For film buffs, Goodluck Hope will host Unity Arts Festival’s movie marathon in the renovated warehouse, bordering the Thames. London Film School’s brightest students, who will soon call the peninsula their new home, will host screenings of their latest work, with Q&A sessions on the motivations and inspirations of their work.

English National Ballet, who will soon be relocating to London City Island, will take advantage of the new dance studios at the development, hosting workshops and demonstrations. Meanwhile, youngsters will be able to explore the world of animation with London City Island resident Tim Allen, who will be holding children’s workshops, creating plasticine figures which will be then brought to life through the magic of animation.

The arts community at Trinity Buoy Wharf will open its doors with The Big Draw, a sketch crawl entitled Uniting the Island, a drawing and painting workshop which will take place inside and outside throughout the whole Unity area. The results will then be on show at an exhibition in Trinity Art Studios the week after the festival.

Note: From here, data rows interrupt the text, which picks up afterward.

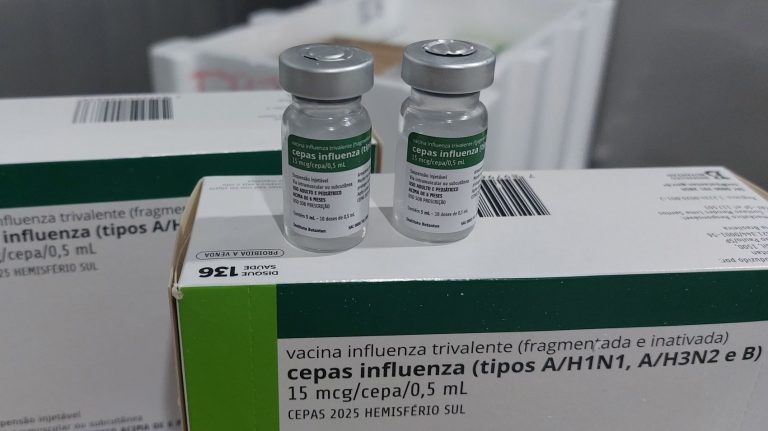 Governo de SC inicia distribuição das primeiras doses de vacina contra a gripe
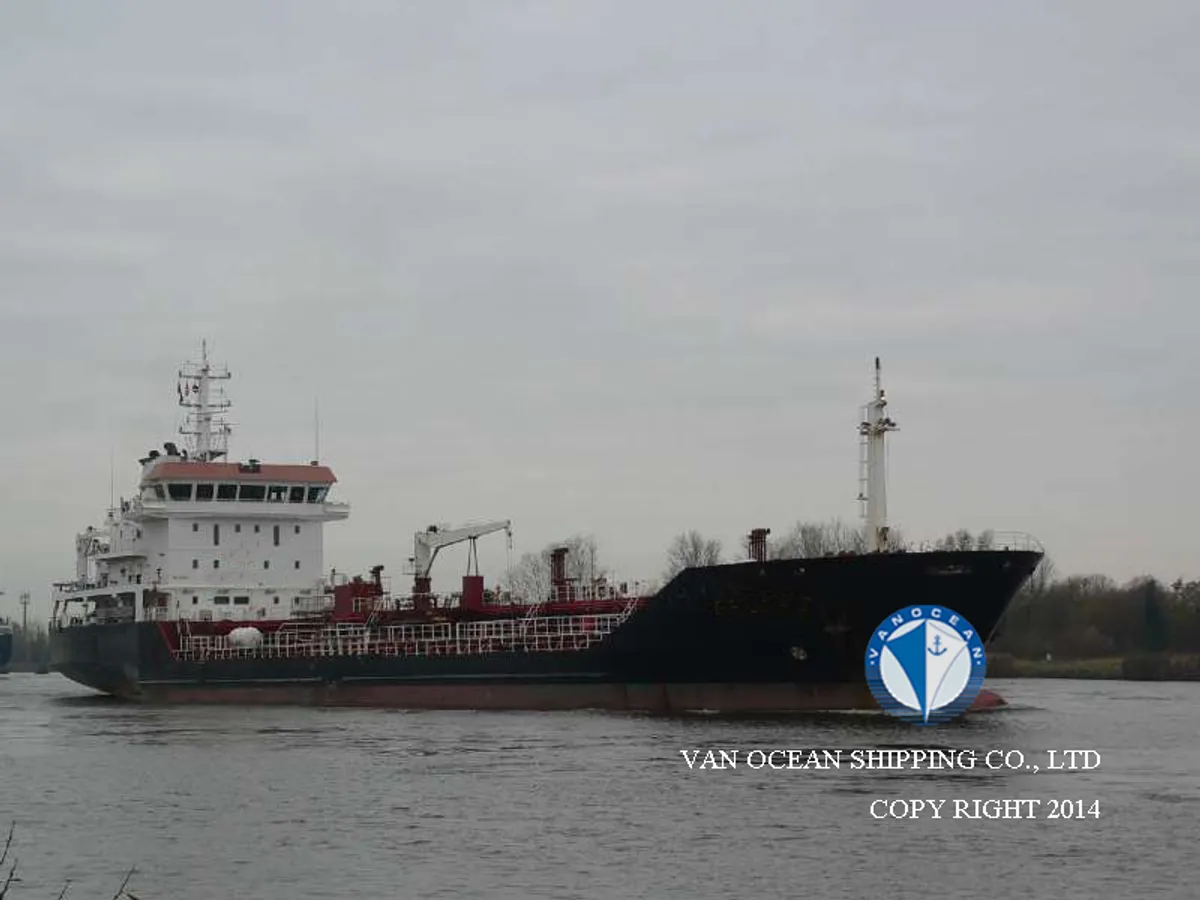 Navio-tanque de óleo/produtos químicos à venda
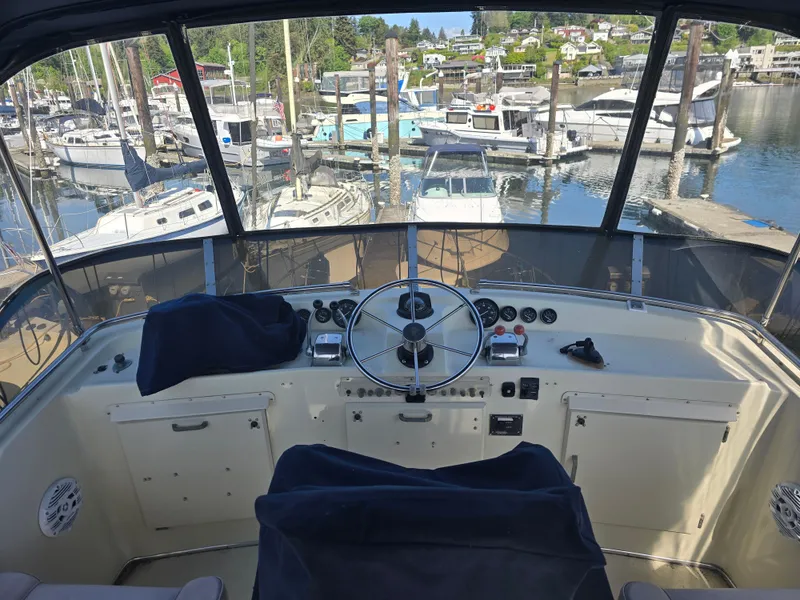 Slide: The Image of Tollycraft Sedan Convertible 1981 - 4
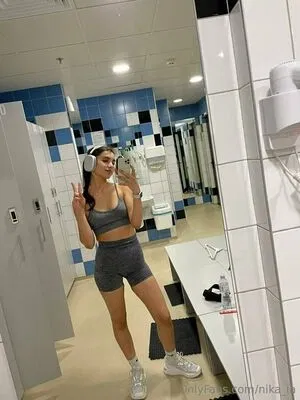 nika_la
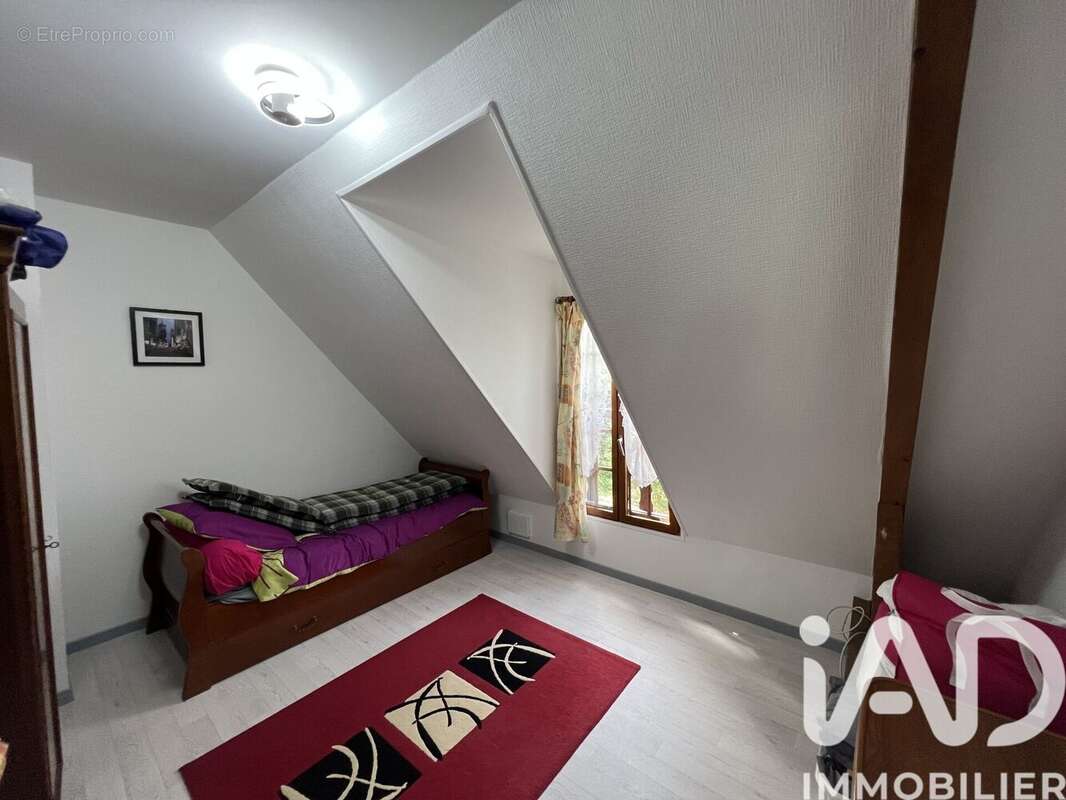 Photo 9 - Maison à SAINTRY-SUR-SEINE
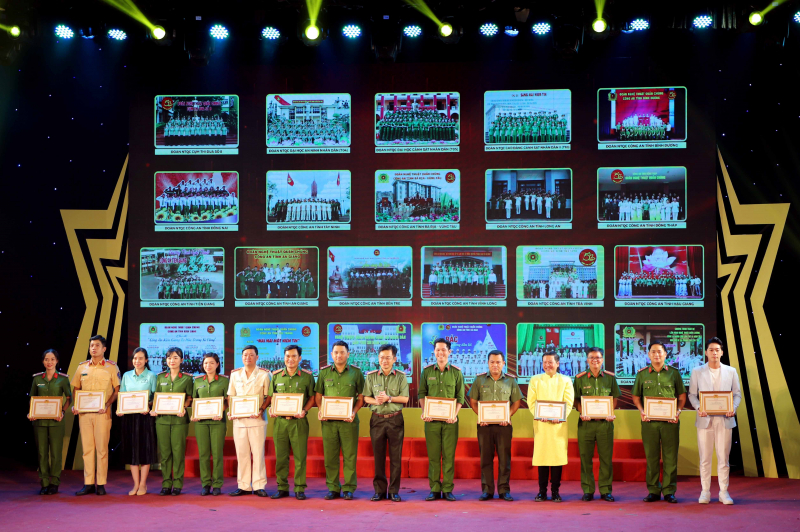 Bế mạc Liên hoan Nghệ thuật quần chúng CAND lần thứ XII - khu vực III -1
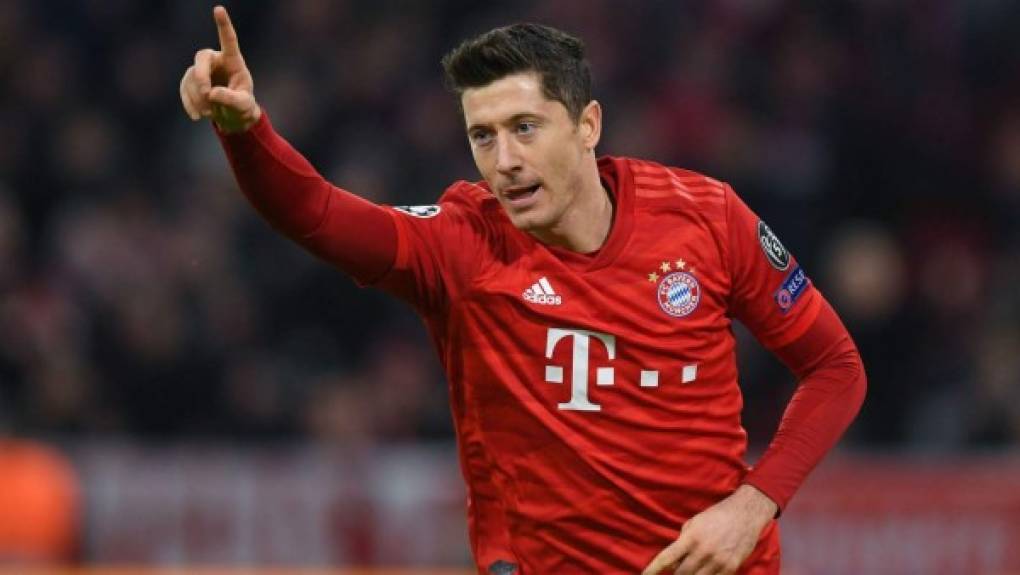 2. Robert Lewandowski (Bayern Múnich) - El delantero polaco ha marcado 25 goles en esta temporada de la Bundesliga, sumando 50 puntos.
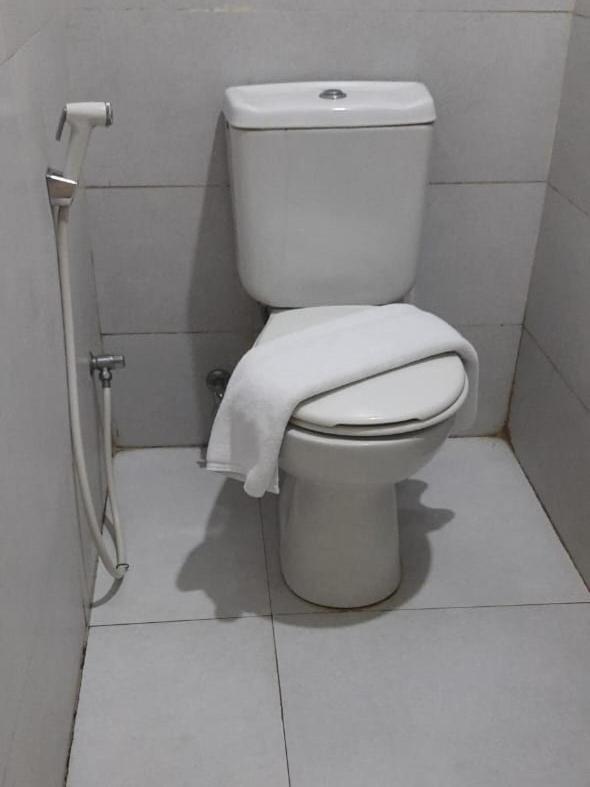 Catania Inn Палембанг Екстериор снимка
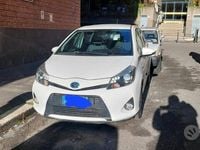 Usata Toyota Yaris Hybrid 75 CV (55 kW) 2013 Bianco Utilitaria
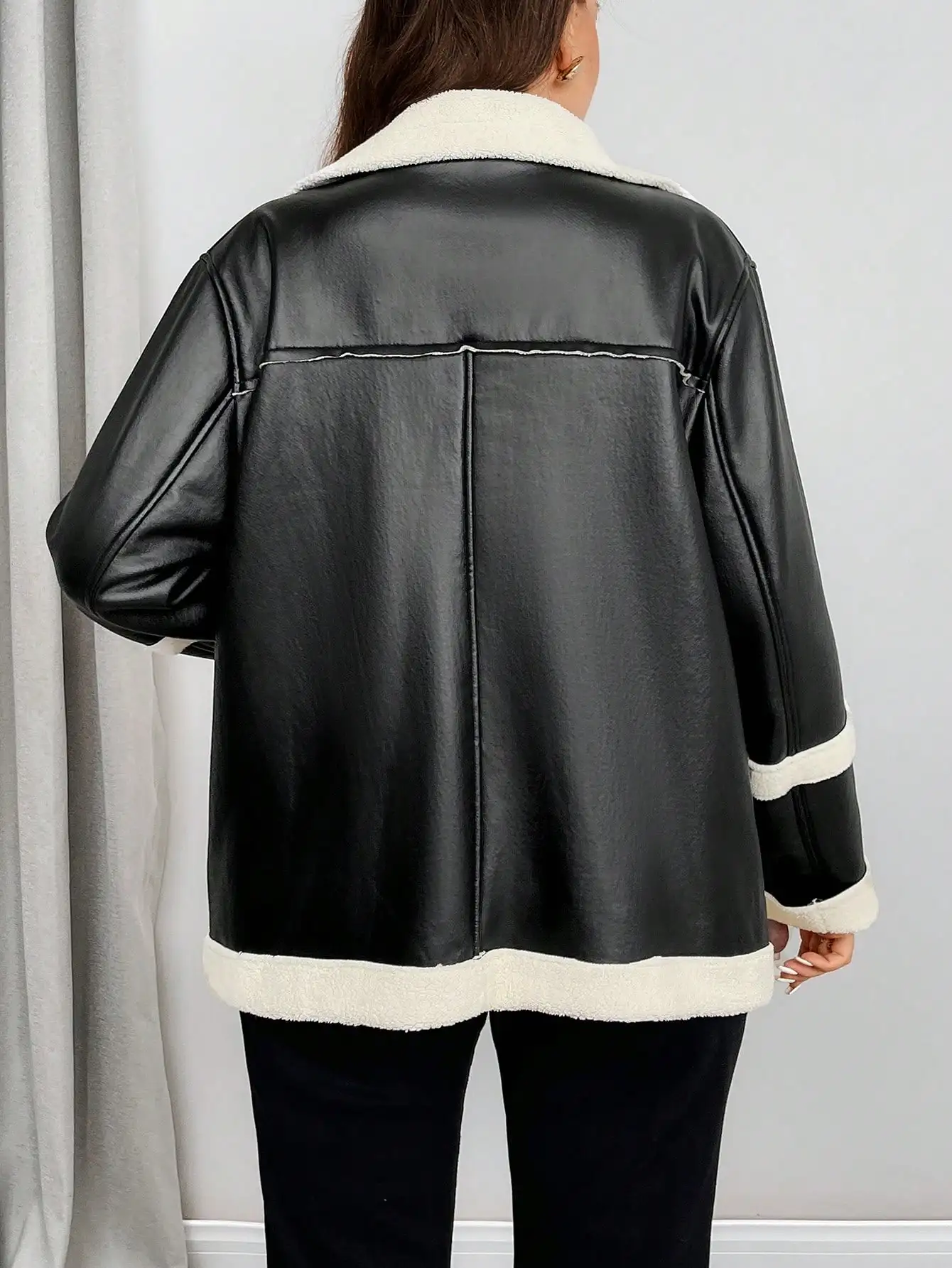 Black White Contrast Color Lamb Fur Collar Biker Jacket Fashionable Retro Style Leather Coat for Autumn Winter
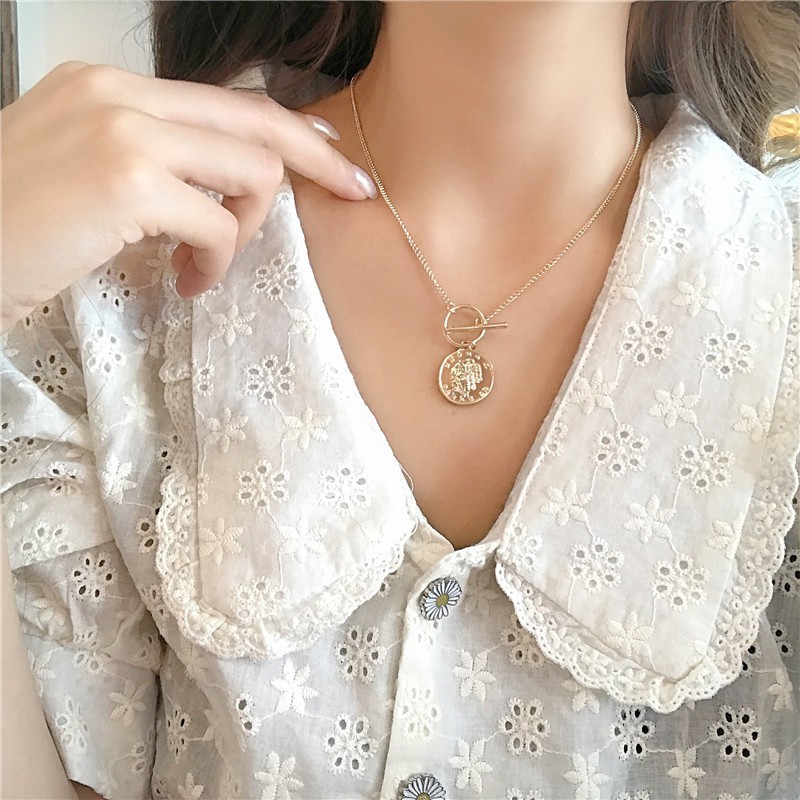 Kalung Rantai Klavikula Desain Koin Bulat Emas Gaya Retro Korea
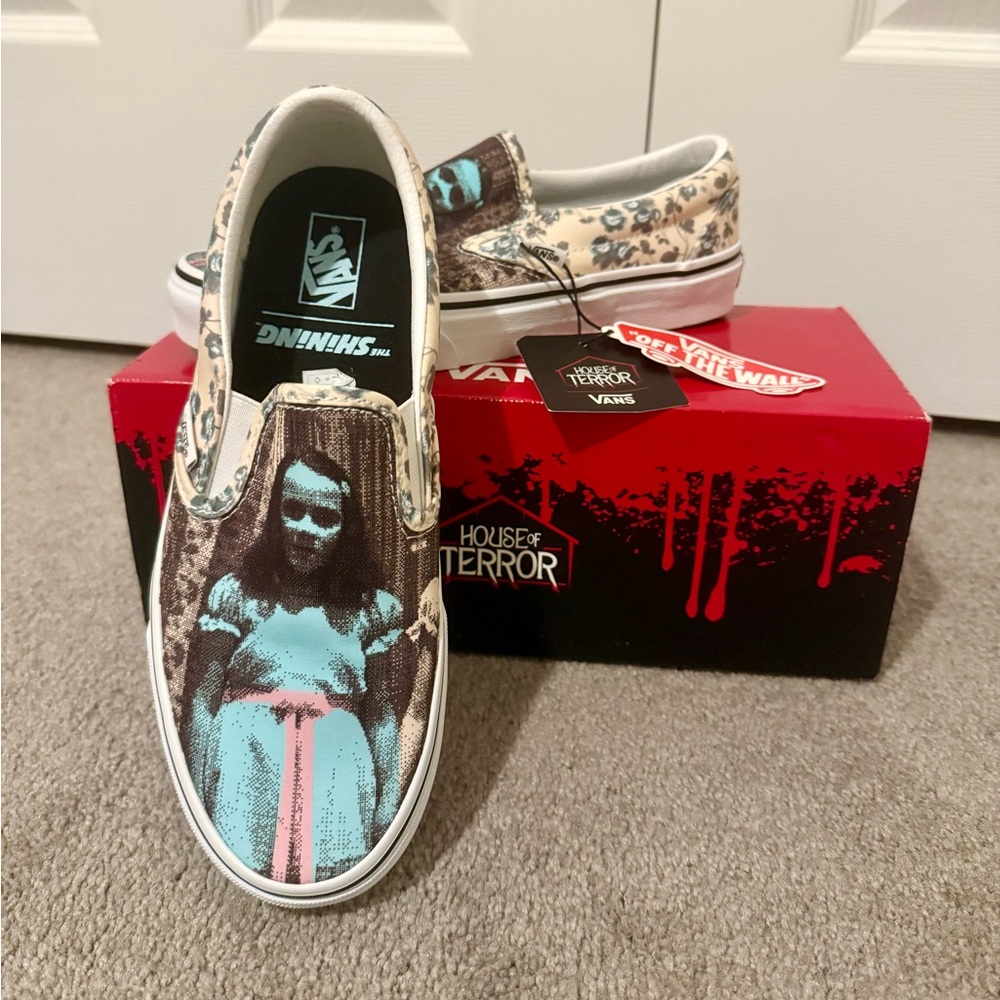 Vans House of Terror NWT The Shining Shoes Size 7.5 women / 6 men - Picture 2 of 6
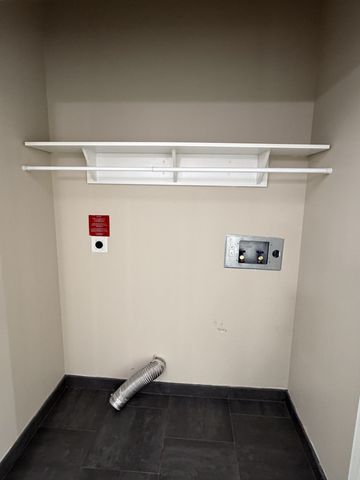 700 12th Ave S Unit 807, Nashville, TN 37203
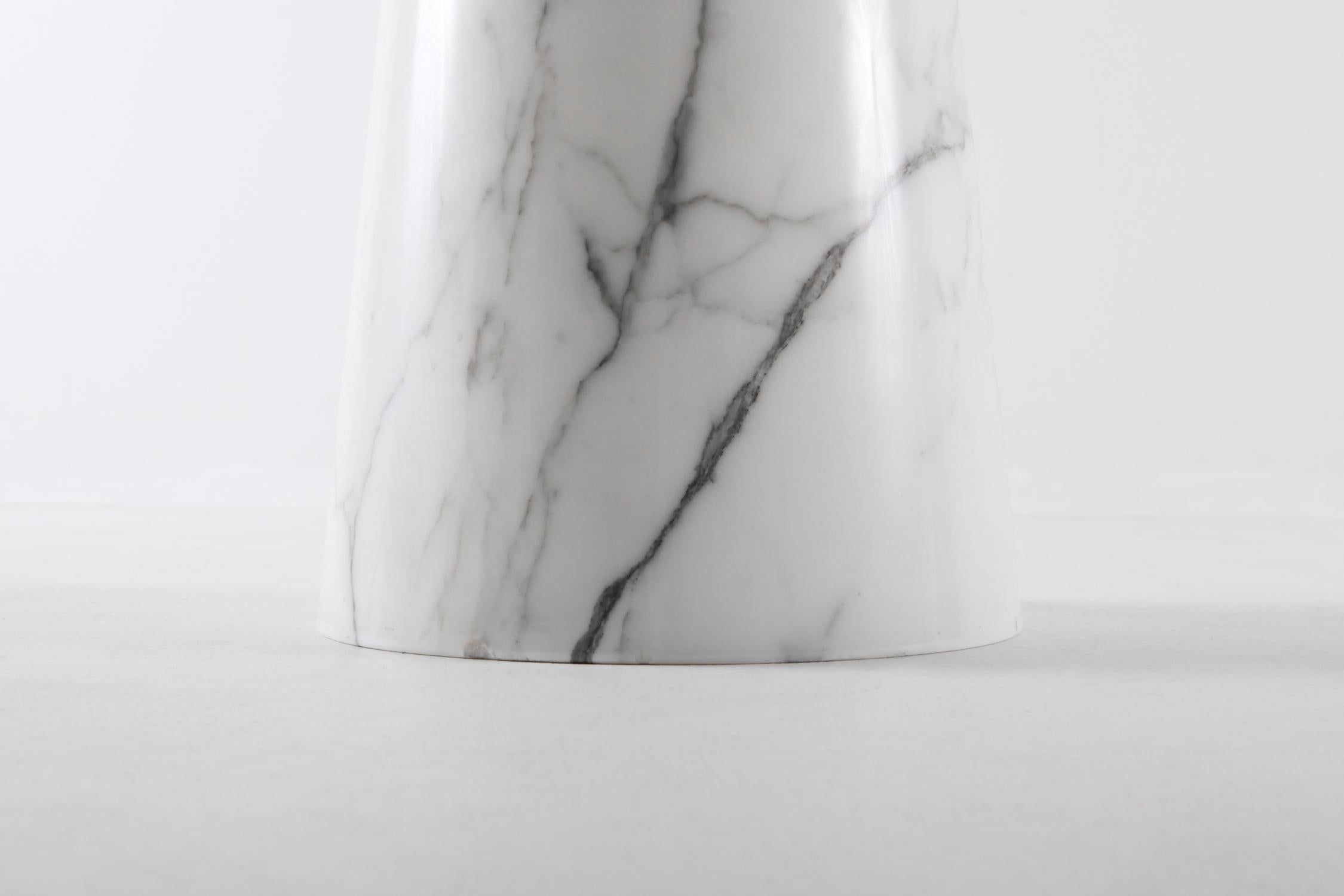 Midcentury Round Italian Carrara Marble Dining Table 4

Another major attraction is that the Festival will coincide with The Line, London’s first dedicated contemporary art ‘walk’ showcasing works by Antony Gormley, Gary Hume and Damien Hirst, which begins at north Greenwich following the meridian to move through LCI where seven sculpture plinths have been installed awaiting new works.

“The seed of the idea for the Festival came after a visit from John Mulryan (Ballymore’s Group Managing Director) who dropped into my gallery with his wife and young family,” explained Ian Felton, who set up Trinity Art Studio in a Victorian pitched roof electricians’ shop 13 years ago.

“He loved what we were doing and invited me to discuss how we could form better links with Trinity Buoy Wharf. He described Ballymore like a huge ship - building 1,700 homes and very difficult to change direction. But through collaboration with an arts trust, he felt it would be a lot easier to manoeuvre and make things happen.”

The festival, said Ian, which would make for “an incredible island of the arts” represented “a huge leap of faith – a leap of faith throughout which Ballymore has been incredible enthusiastic and supportive.”